2 octobre 2025

Temps de lecture : 3 min

Données publicitaires : la justice européenne autorise le transfert de data vers les Etats-Unis, soulagement pour Meta

La justice européenne a validé le Data Privacy Framework (DPF), autorisant le transfert de données de l'Europe vers les États-Unis. Une décision qui offre un répit à Meta, dont les outils publicitaires reposent sur ce texte.

C’est un soulagement, au moins temporaire, pour Meta. Saisi à l’automne 2023 par le député français Philippe Latombe, le Tribunal de l’Union européenne a validé début septembre le Data Privacy Framework (DPF).

Ce cadre juridique signé entre Bruxelles et Washington autorise le transfert de données du continent vers les Etats-Unis – un élément primordial pour les outils publicitaires de la maison mère de Facebook et Instagram.

La justice européenne considère que Meta ne respecte pas le RGPD.

Pour comprendre les enjeux de ce dossier explosif, il faut revenir à l’adoption du Règlement général sur la protection des données (RGPD) en 2018. Parmi une multitude de dispositions pour protéger les internautes européens, le texte interdit aux entreprises de transférer des données personnelles vers des pays qui ne garantissent pas le même niveau de protection.

À cette époque, Facebook – officiellement devenu Meta trois ans plus tard – s’appuie sur un cadre juridique baptisé Privacy Shield. Mais celui-ci est invalidé en 2020 par la justice européenne, qui considère qu’il n’est pas conforme au RGPD.

La raison: plusieurs législations américaines permettent aux autorités et aux services de surveillance de mettre la main sur des données personnelles sans supervision, ni autorisation judiciaire.

Ce coup de tonnerre oblige alors Bruxelles à négocier un nouvel accord avec Washington. Les Européens assurent avoir obtenu plusieurs garde-fous, devant permettre au DPF de respecter le RGPD.

Des mécanismes de contrôle sont mis en place.
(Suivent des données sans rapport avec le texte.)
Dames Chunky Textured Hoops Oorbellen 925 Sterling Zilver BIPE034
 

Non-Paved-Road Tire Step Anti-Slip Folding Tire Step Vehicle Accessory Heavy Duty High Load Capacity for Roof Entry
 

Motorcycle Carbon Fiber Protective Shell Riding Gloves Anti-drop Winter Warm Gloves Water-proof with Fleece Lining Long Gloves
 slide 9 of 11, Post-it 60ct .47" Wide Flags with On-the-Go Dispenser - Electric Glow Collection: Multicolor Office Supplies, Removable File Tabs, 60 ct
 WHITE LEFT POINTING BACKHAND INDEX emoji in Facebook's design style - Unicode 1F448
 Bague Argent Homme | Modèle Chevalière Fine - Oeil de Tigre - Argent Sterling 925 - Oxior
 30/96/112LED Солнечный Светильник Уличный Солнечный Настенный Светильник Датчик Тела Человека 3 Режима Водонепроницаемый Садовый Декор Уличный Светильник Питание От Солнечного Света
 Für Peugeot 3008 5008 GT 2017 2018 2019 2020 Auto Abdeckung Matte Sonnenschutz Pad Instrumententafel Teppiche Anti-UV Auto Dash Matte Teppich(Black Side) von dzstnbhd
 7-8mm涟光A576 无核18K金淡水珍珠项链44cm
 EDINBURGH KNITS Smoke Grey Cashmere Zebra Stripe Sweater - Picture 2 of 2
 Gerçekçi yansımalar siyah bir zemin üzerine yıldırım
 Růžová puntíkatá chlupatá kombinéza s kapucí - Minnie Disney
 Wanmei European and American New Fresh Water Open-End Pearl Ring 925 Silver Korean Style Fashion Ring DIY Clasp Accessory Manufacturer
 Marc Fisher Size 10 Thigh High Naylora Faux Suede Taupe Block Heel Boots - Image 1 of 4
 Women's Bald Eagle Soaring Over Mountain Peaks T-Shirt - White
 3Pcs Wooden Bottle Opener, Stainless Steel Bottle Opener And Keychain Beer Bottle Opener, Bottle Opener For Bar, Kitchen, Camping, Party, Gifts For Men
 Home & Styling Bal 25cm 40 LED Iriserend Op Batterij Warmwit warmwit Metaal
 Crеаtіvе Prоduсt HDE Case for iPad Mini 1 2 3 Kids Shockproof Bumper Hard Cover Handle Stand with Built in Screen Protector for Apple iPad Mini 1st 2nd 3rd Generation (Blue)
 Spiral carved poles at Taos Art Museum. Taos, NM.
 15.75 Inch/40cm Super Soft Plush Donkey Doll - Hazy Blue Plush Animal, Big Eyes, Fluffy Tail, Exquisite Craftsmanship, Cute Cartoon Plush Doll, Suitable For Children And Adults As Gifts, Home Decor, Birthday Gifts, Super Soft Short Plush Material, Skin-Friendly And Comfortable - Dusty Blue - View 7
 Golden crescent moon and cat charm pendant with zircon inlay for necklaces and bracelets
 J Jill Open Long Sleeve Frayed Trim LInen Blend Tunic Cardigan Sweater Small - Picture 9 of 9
Et les Etats-Unis s’engagent à limiter l’accès aux données européennes par leurs autorités à ce qui est “nécessaire” et de manière “proportionnée”, reprenant la sémantique de la législation européenne.

L’arrivée au pouvoir de Trump pourrait remettre l’accord en question

Pour le député Philippe Latombe, ces garanties ne sont pas suffisantes pour garantir un niveau de protection suffisant, une fois les données envoyées sur des serveurs américains.

Dans sa saisine du Tribunal de l’UE, il soulignait notamment que le comité supervisant la stricte application du DPF n’opère pas de manière indépendante vis-à-vis de la Maison Blanche, le rendant impuissant pour empêcher de potentiels abus par les autorités américaines.

Ses arguments n’ont pas convaincu les magistrats européens, qui ont validé les fondements du DPF. Leur jugement pourrait cependant n’être que temporaire: il s’applique seulement à la date de l’entrée en vigueur du texte, c’est-à-dire avant l’arrivée au pouvoir de Donald Trump.

Or, le président américain a depuis pris plusieurs mesures susceptibles d’affaiblir le DPF, comme le renvoi de trois des cinq administrateurs du comité de supervision.

« Un examen plus large du droit américain – en particulier de l’utilisation des décrets présidentiels par l’administration Trump – devrait aboutir à un résultat différent », prédit l’activiste autrichien Max Schrems.

Déjà à l’origine de l’annulation du Privacy Shield, il n’exclut pas de lancer un recours contre le DPF.

« Si la Commission européenne a peut-être gagné une année supplémentaire, l’incertitude juridique demeure pour les utilisateurs et les entreprises », estime-t-il.

Meta échappe à une nouvelle amende, dont la dernière a dépassé le milliard d’euros

En attendant, la décision du Tribunal de l’UE représente une victoire pour les quelque 3.400 entreprises américaines qui transfèrent des données de l’Europe vers les Etats-Unis.

Faute de quoi, elles auraient dû s’appuyer sur une solution alternative juridique incertaine et potentiellement risquée: les “clauses contractuelles types”. Celles-ci n’ont en effet été validées que sous conditions par la justice des Vingt-Sept.

Meta est particulièrement bien placé pour en témoigner. Après l’invalidation du Privacy Shield en 2020, le groupe de Menlo Park s’était appuyé sur cet instrument pour continuer à envoyer des données vers des serveurs situés aux Etats-Unis. Cela lui a valu au printemps 2023 une amende de 1,2 milliard d’euros, du jamais vu dans le cadre du RGPD.

Si Meta n’est pas la seule entreprise américaine concernée, elle reste de très loin la plus observée par les Cnils européennes.

Elle assure que l’envoi de données aux Etats-Unis est indispensable pour le fonctionnement de ses outils publicitaires, notamment pour mesurer l’efficacité des campagnes sur ses propres plateformes et sur les sites Internet utilisant le Meta Pixel.

Une invalidation du DPF l’aurait contraint de revoir en profondeur son fonctionnement.